Aggregation across multiple indexes/indices - significant terms

Hi, we have indexes that are split by date for manageability but contain the same mappings.

I'm currently trying to use the significant terms aggregation to identify new terms, by specifying the foreground as e.g. the last day and the background as the rest of history. When the aggregation is confined to one index it works as expected, however the background frequencies with multiple indexes do not include the same fields across all the indices, I imagine only including the background frequency within the index that the term was found in. Is this expected behaviour?

Could explain more about this?
Do background frequencies contain other fields from other indices?

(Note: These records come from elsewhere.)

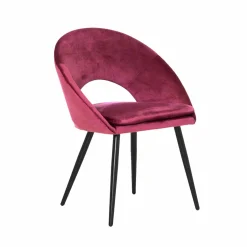 Made in Meubles Chaise style fauteuil en velours rose framboise Elouan (lot de 2)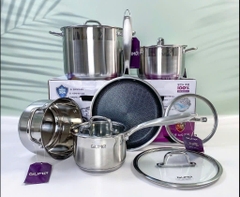 Bộ Nồi Chảo Inox đáy 5 Lớp GMPPS-2201 GUME KOREA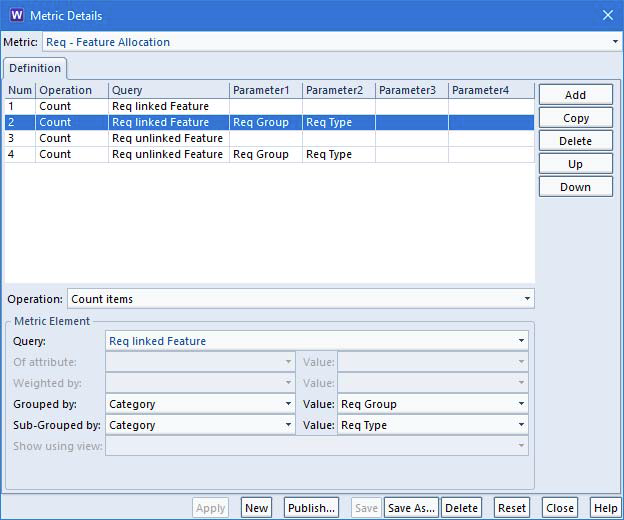 Metric Details dialog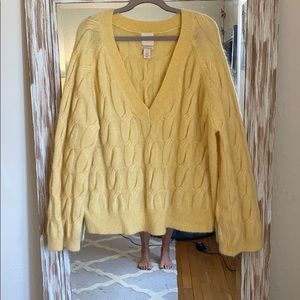 H&M yellow mohair/wool sweater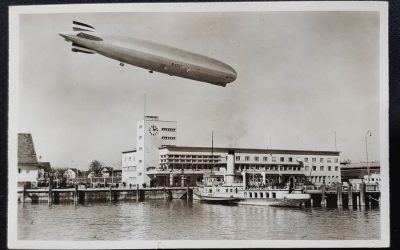 Germany 23 Jul 1935 6pf Graf Zeppelin red cachet Postcard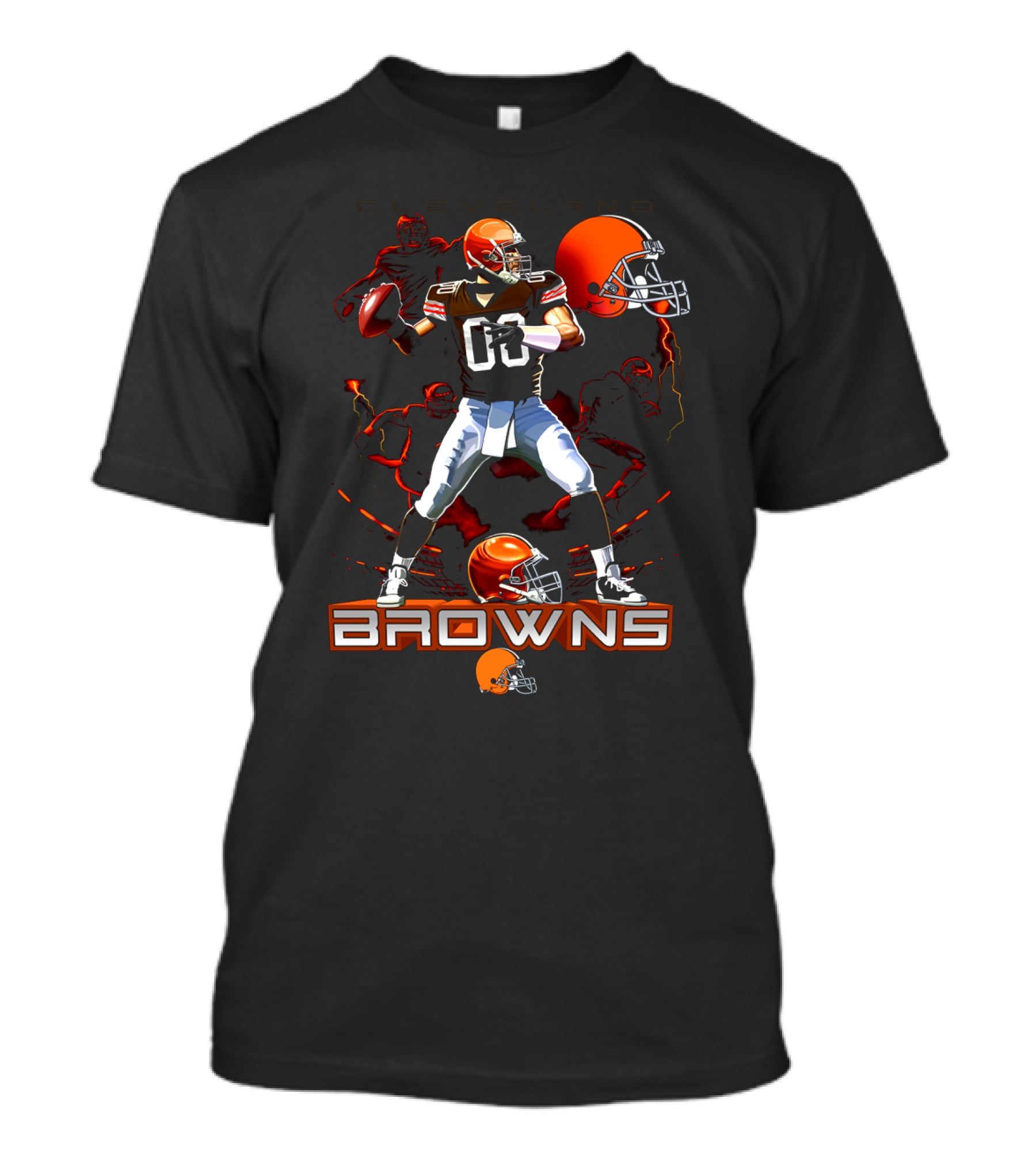 Cleveland Browns Quarterback Football Player With Helmets And Action Poses T-Shirt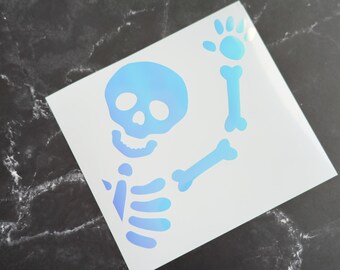 Holographic Waving Skeleton Decal | Halloween Holographic Shiny Vinyl Sticker | Customize Laptop, Tablet, Window, DIY projects and more
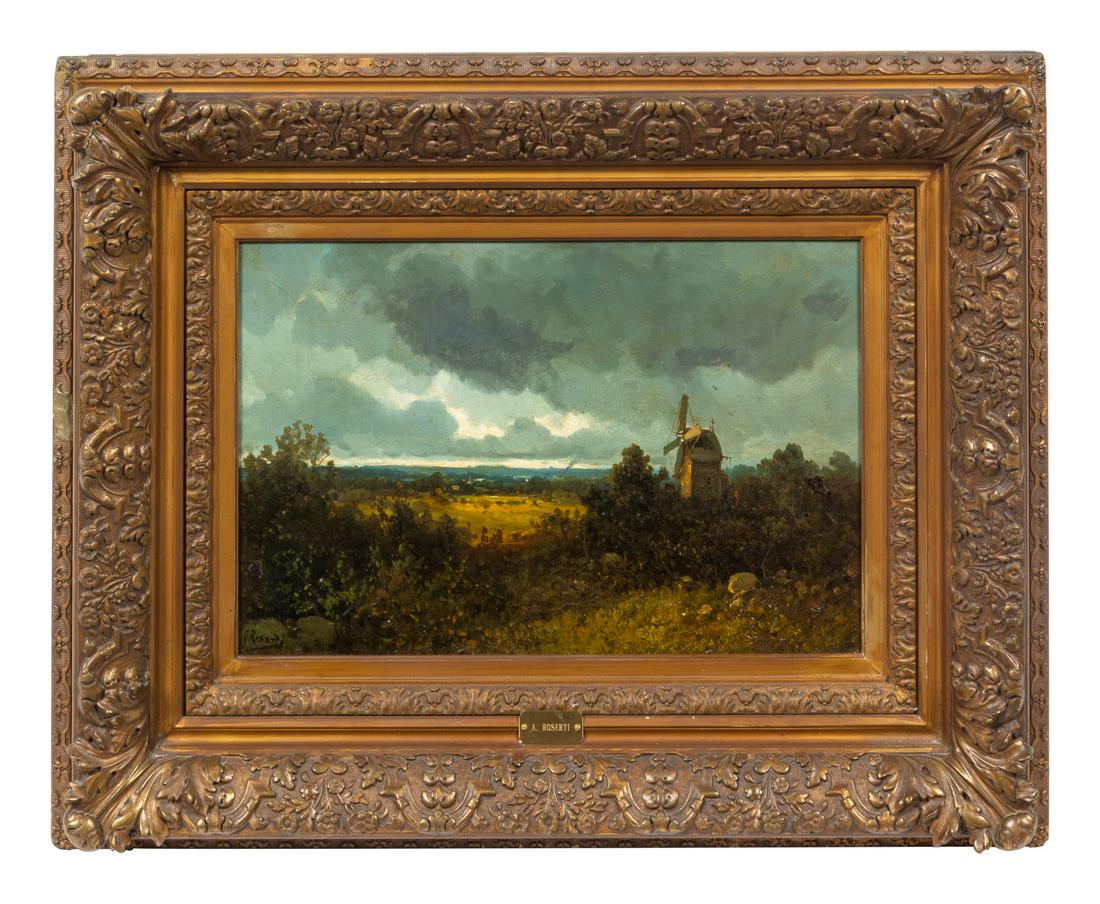 A. Roserti (19th Century) Landscape with Windmill: A. Roserti (19th Century) Landscape with Windmill oil on canvas Approximately 20 x 15 inches Provenance: Property from the Collection of Howard Kornacki & Sebastian Reyes, Evanston, Illinois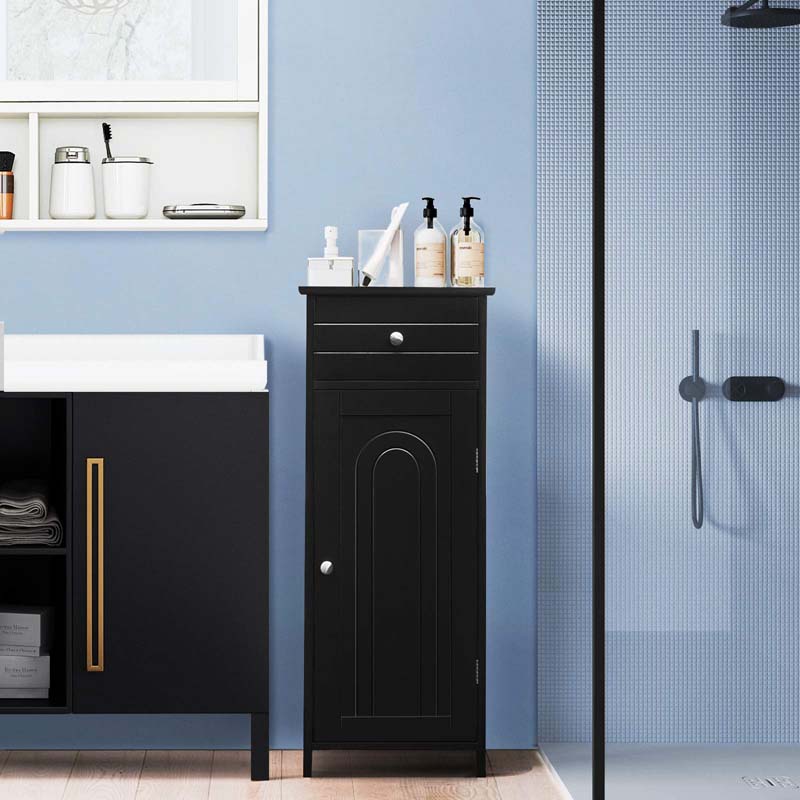 Free-Standing Wooden Floor Storage Cabinet w/Large Drawer & 2 Adjustable Shelves, Morden Side Storage Bathroom Organizer Cabinet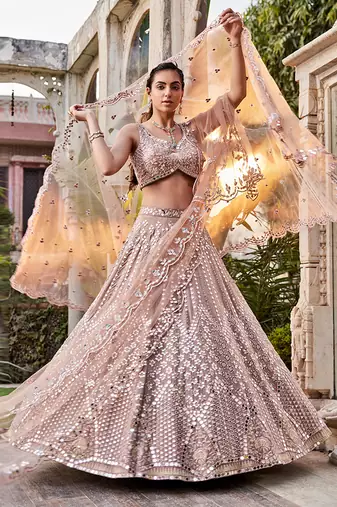 Coffee Mirror Embroidered Kurta, Lehenga And Dupatta Set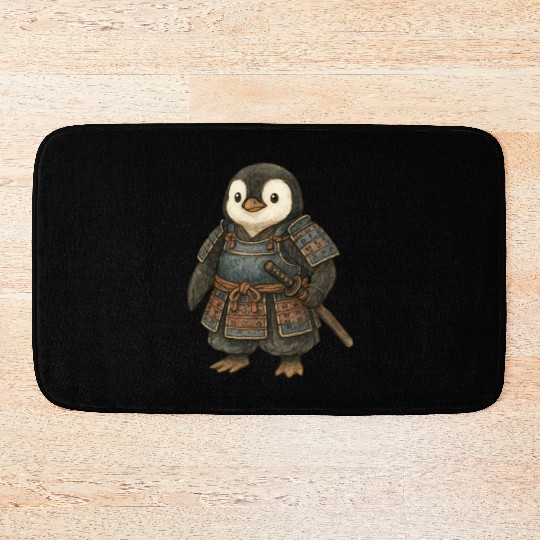 Historical samurai penguin with katana Japan cultu Bath Mats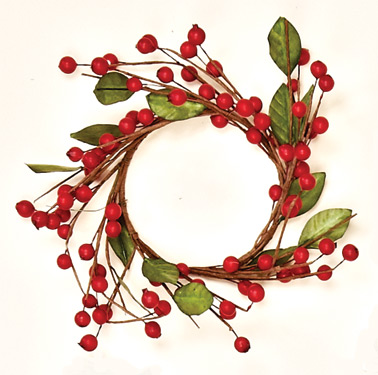 4.25" Berry & Leaf Candle Ring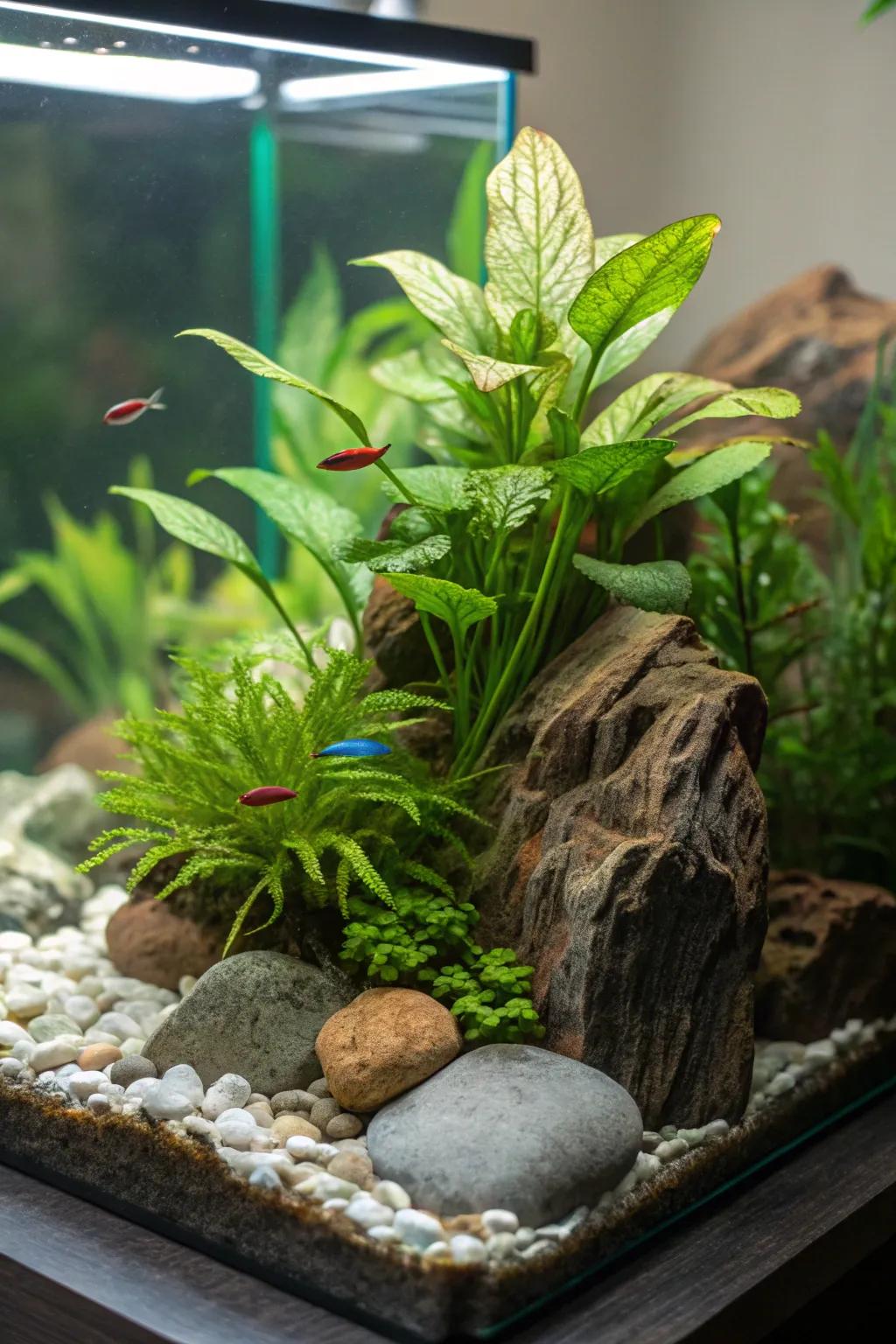 A vibrant aquatic garden with live plants, ideal for your betta.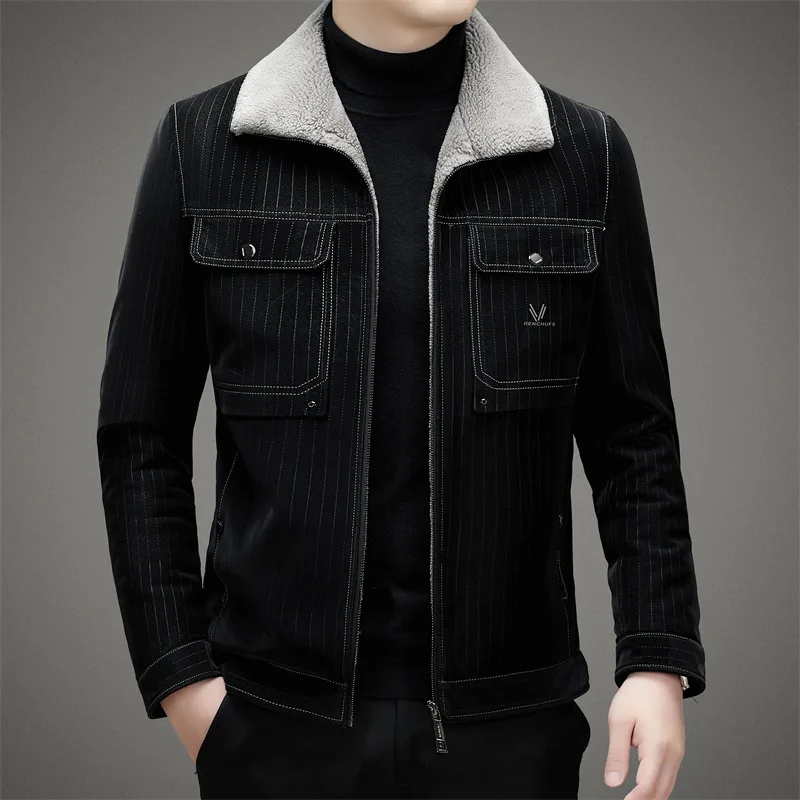 Down Jacket Men\'s Jacket Winter New Middle-aged Lapel Thickened Casual Vertical Stripe Leather Jacket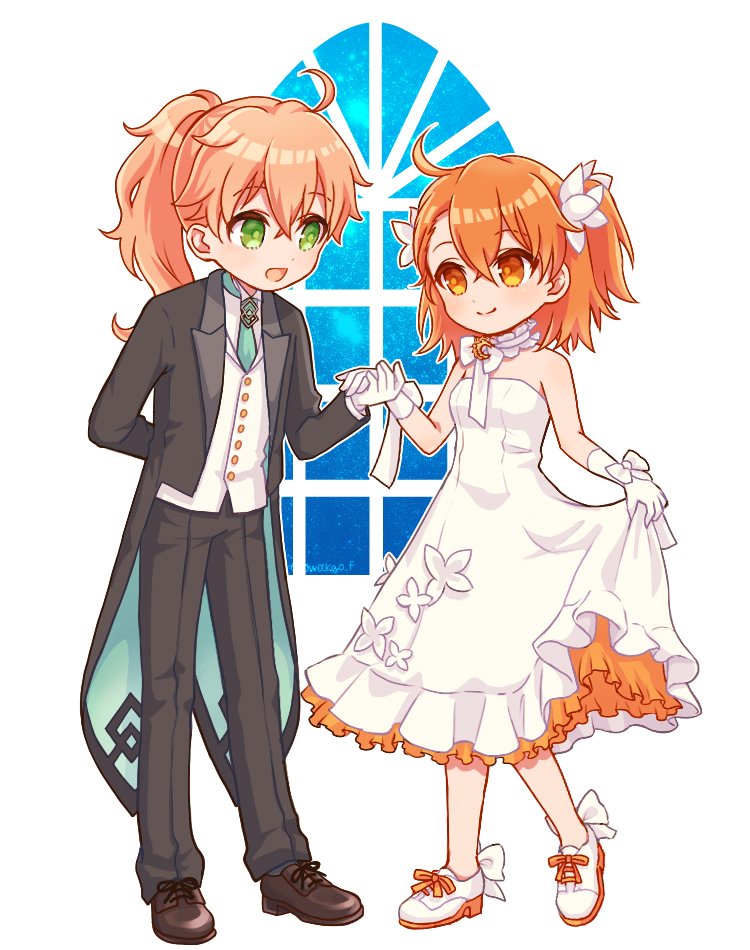 1boy, 1girl, :d, ahoge, alternate_costume, arm_behind_back, artist_name, bare_shoulders, black_coat, black_pants, bow, brown_footwear, chaldea_logo, closed_mouth, coat, coattails, collared_shirt, colored_shoe_soles, commentary_request, couple, deformed, dress, fate/grand_order, fate_(series), flower, footwear_bow, frilled_dress, frills, fujimaru_ritsuka_(female), fujimaru_ritsuka_(female)_(fgo_orchestra), full_body, gloves, green_eyes, green_necktie, hair_between_eyes, hair_flower, hair_ornament, hetero, holding_hands, layered_dress, long_dress, long_hair, looking_at_another, necktie, official_alternate_costume, one_side_up, open_clothes, open_coat, open_mouth, orange_eyes, orange_hair, pants, petticoat, pink_hair, ponytail, romani_archaman, shirt, shoes, simple_background, skirt_hold, smile, standing, strapless, strapless_dress, twitter_username, vest, waka_(owakao_f), white_background, white_bow, white_dress, white_flower, white_footwear, white_gloves, white_shirt, white_vest, window, wing_collar, wrist_bow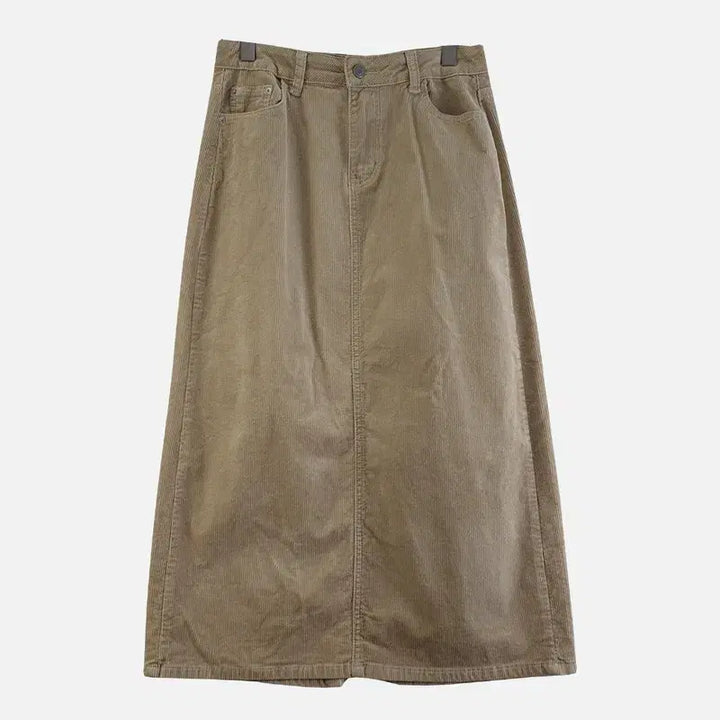 [BUNJANG] Vintage Beige Long Skirt / 여자29인치 롱스커트 베이지 M6875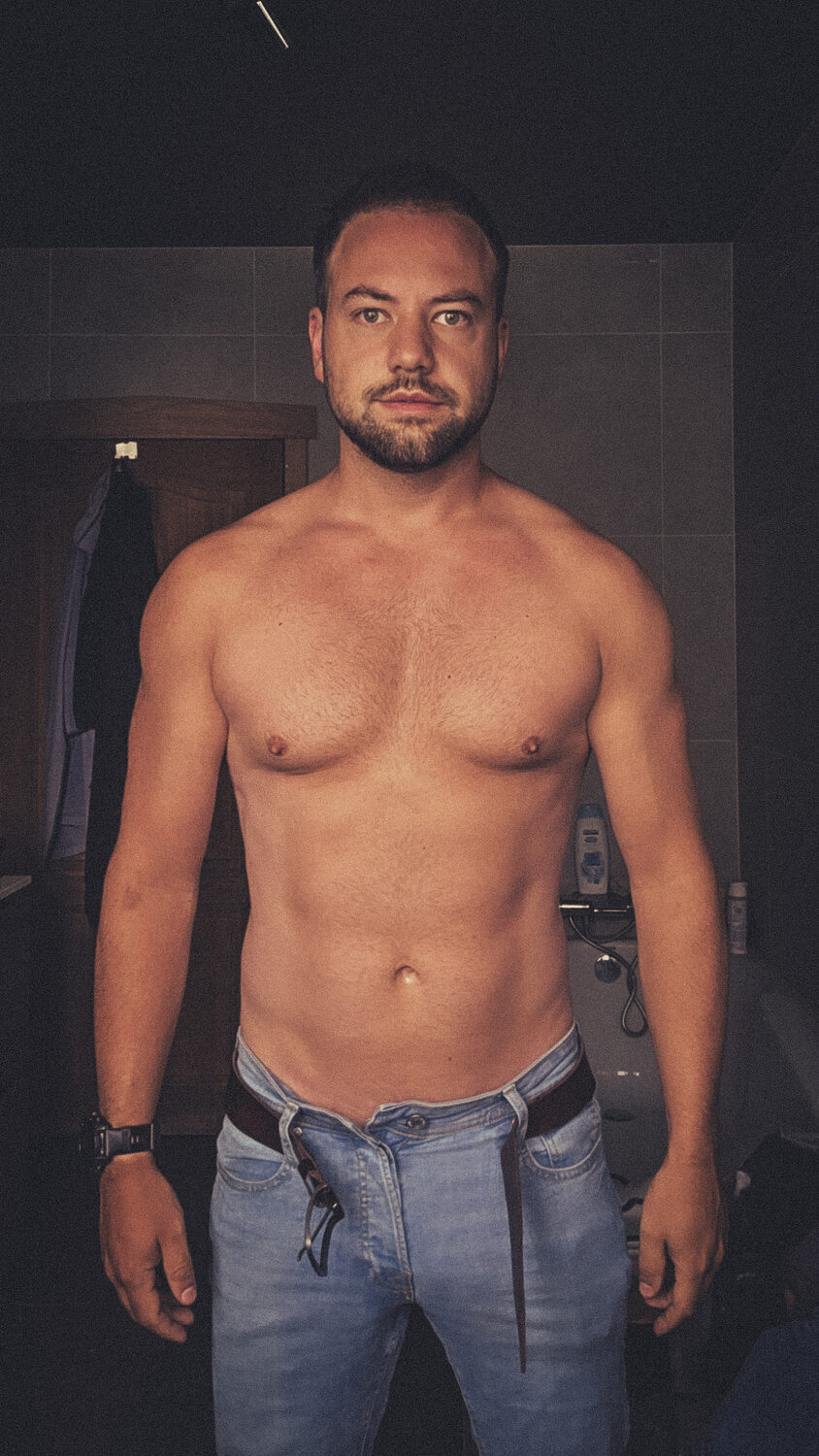Tryptich with jeans.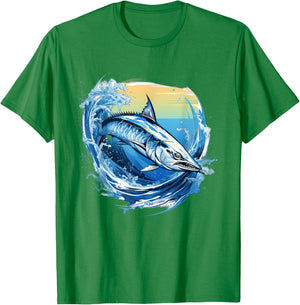 Retro Style King Mackerel T-Shirt - T-Shirt | Irish Green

Why do you think so? I suppose its reasonable background frequency calculated over all indices regardless of whether the index contains the term.

Hi Anthony.
Yes, this is expected behaviour.
Background frequency checks on potentially millions of candidate terms is expensive and so the implementation works with local stats found in a shard.
The goal of finding “what is significant today?” is just not feasible using only day-based indices.

Distributed data is the enemy of a lot of analytical functions I’m afraid.

1 Like

Thanks for replying! I was imprecise here, I meant that the multiple indexes do not include the same terms rather than fields - it seems that statistics are only collated locally (it seems to a shard) rather than across the whole group of indexes. The bg_count number seems to include the total across the indices however, up to a limit.

I found that the background count did not include occurences of the term in other indices.

1 Like

Thanks for getting back to me. Sounds reasonable. The background count for that term seems to be an extra search, it would have to be limited to the local shard or there may be in aggregate many many terms to search for across all the shards. It's straightforward enough to compile the information another way.

1 Like

This topic was automatically closed 28 days after the last reply. New replies are no longer allowed.